Old Tin Toys Did Amazing Things

By Anne Gilbert  

Whenever an auction catalog containing old tin toys comes to my mailbox, I can hardly wait to check out what tricks they could perform. The James Julia November 20 catalog didn’t disappoint me. Those offered were late 19th to early 20th century. Among them was a Lehman Masuyama wind-up with a coolie pushing a rickshaw with an Oriental woman. When wound, the coolie’s feet shuffle, the umbrella twirls and the woman fans herself. Another has a warrior holding a club in each hand. When wound, he does summersaults.

These days with prices of sometimes $6,000, these are toys for adults.

Tin toys are made from sheet iron plated with a protective later of tin to keep them from rusting. In the 19th century with the development of powered machinery and the invention of chromolithography, it was possible to turn out thousands of toys inexpensively. Nuremberg Germany became the chief maker and exporter. However, that changed after World War I.

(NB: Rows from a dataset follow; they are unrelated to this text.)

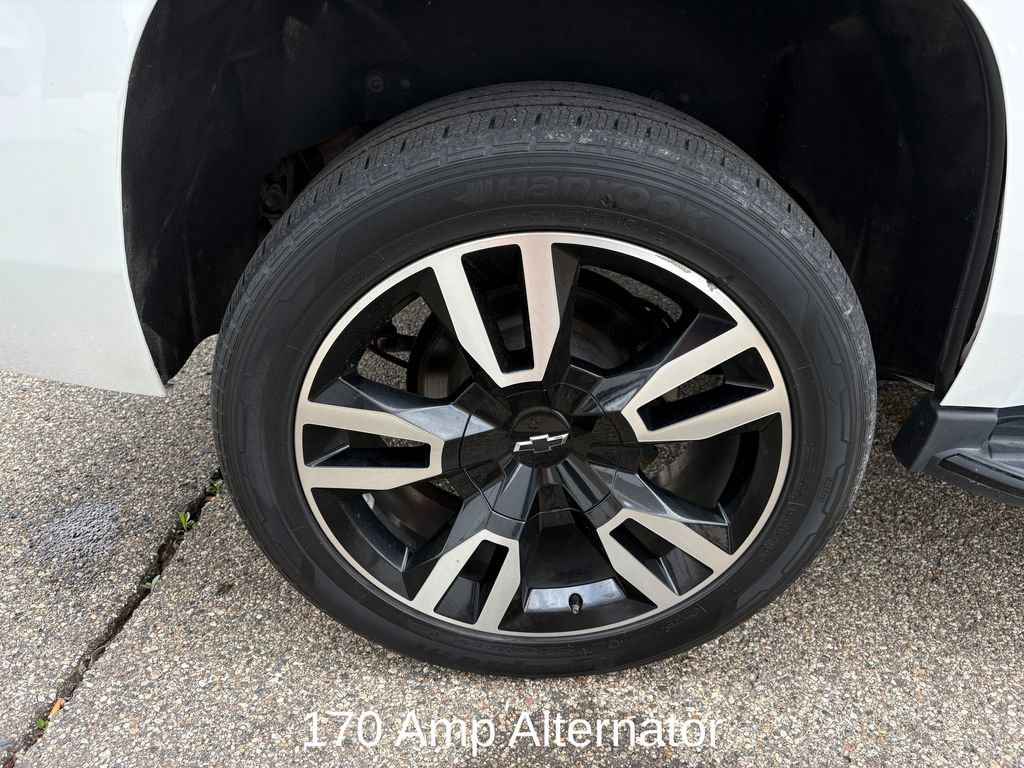 Used 2020 Chevrolet Tahoe Premier w/ RST 6.2L Performance Edition AWD/4WD image 27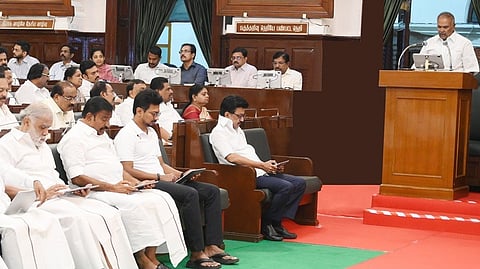 உரையை வாசிக்காமல் பேரவையில் இருந்து ஆளுநர் வெளிநடப்பு: நடந்தது என்ன? 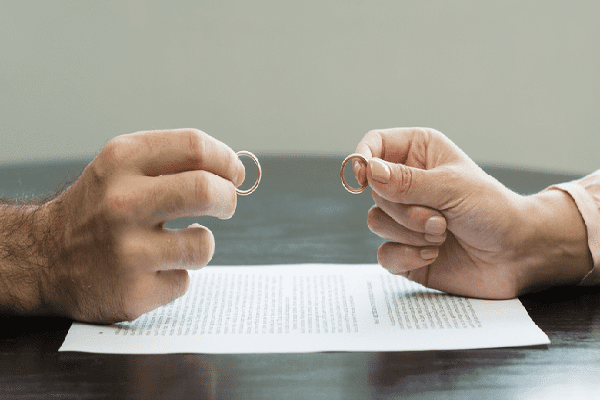 طلاق عاطفی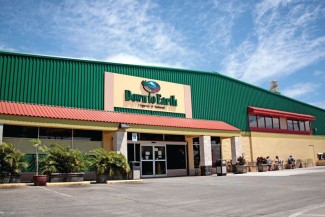 Photo: DTE Kahului Store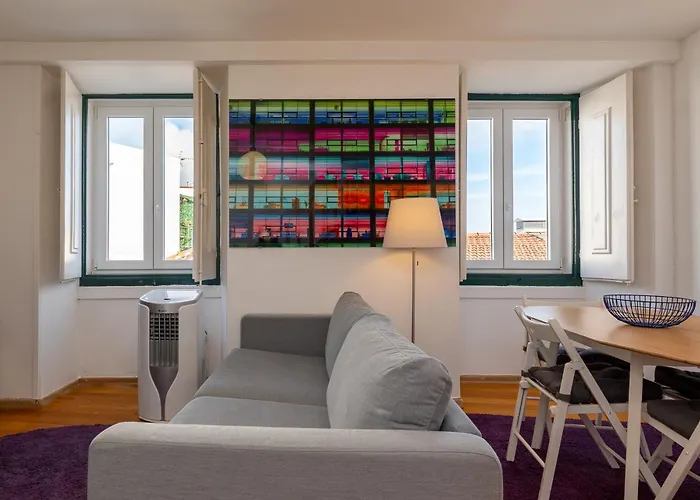 Contemporary Apartment Chiado Appartement Lisboa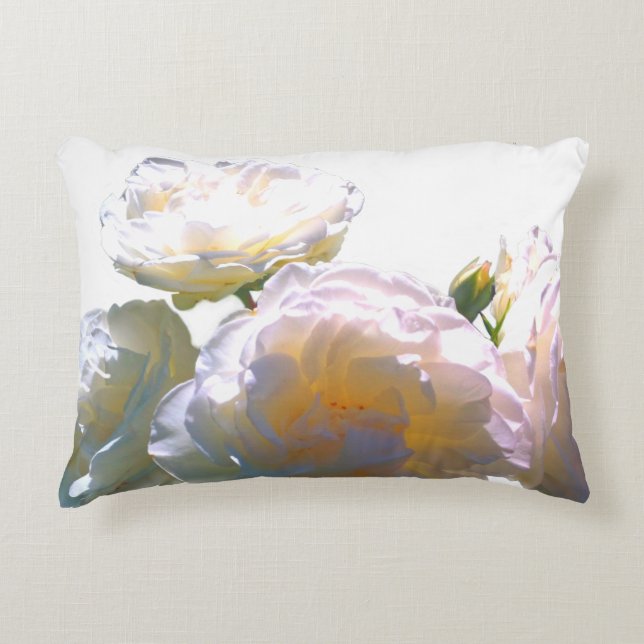 Romantiskt vitt, gult, orange, guldfärgat ro prydnadskudde (Framsidan)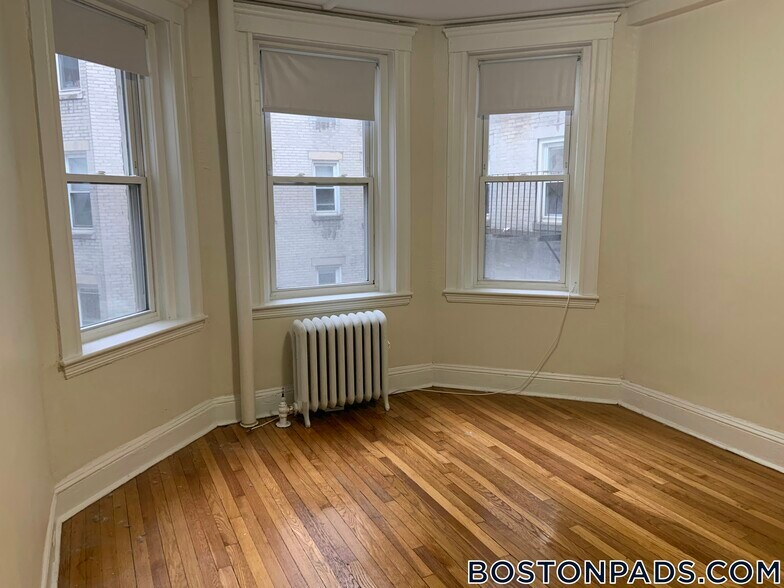 Building Photo - 1175 Boylston St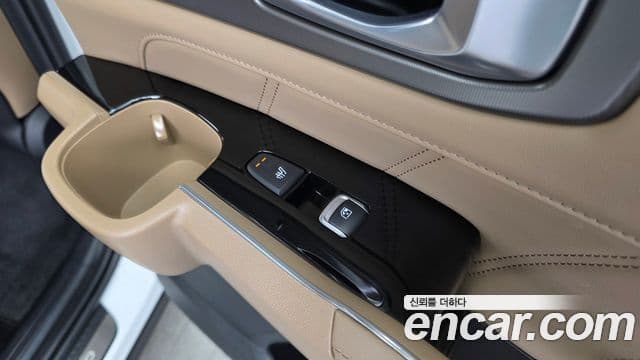 Kia Sorento 2023 — Фото 18/20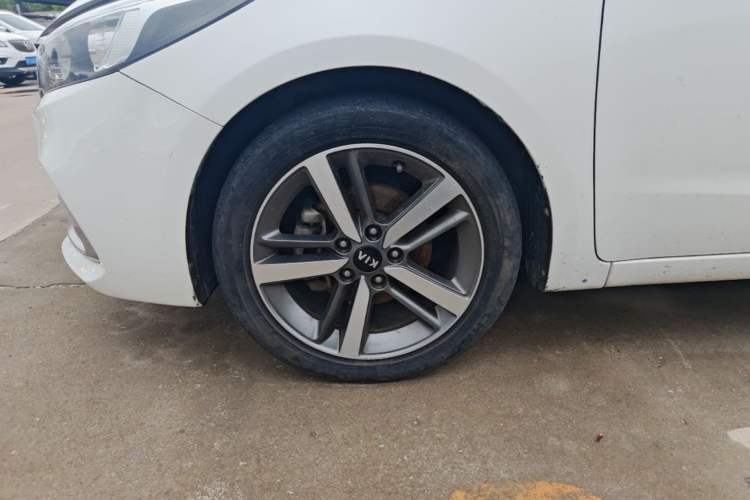 Used Kia K3 2017 1.6L Automatic 15th Anniversary Special Edition GLS Left Front Wheel Hub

By the 1920s and 30s, with Germany recovering from defeat, the tin-plated toy market had shifted to other countries, as well as Japan and the United States. However, their products weren’t as well made as Germanys’ earlier toys. Just before World War II, Germany was once again making quality toys. After World War II, once again Germany began producing tin-plated toys. Up to the 1950s they were marked “Made in the US Zone.” Those made in post-war Japan were marked “Occupied Japan.” These toys are considered serious collectibles since they were made with those marks for such a brief time.

CLUES: Japanese toys made in the post-war 1950s, marked “Made in Japan” keep going up in price. What makes them so special are the innovations that included robot toys with flashing lights, loud noises and battery-operated or clock-work cartoon characters.

There are several categories that are collected, including transportation, which would include horse and carriage, buses, locomotives, cabs and early airplanes. There are also hot air balloons and nautical toys. Other categories are jack-in-the-box, farm animals, circus clowns, dolls and robots.

Reproductions can be a problem with the early German toys. If the paint is too bright, the piece is either a repro or has been touched up. Moveable toys should move, and if key wind, have the key. Some ‘50s toys have been re-issued. Among the makers are Paya of Spain, and Schuco toys made under the German firm trademarked GAMA.

Beware of “married” toys. This means new parts have been added that didn’t originally belong. Original boxes with toys usually double their value.

 

Lehmann Masuyama wind-up tin toy. (Photos, James Julia Auctions, Fairfield, Me.)

 Lehmann Tut-Tut wind-up tin toy with original box.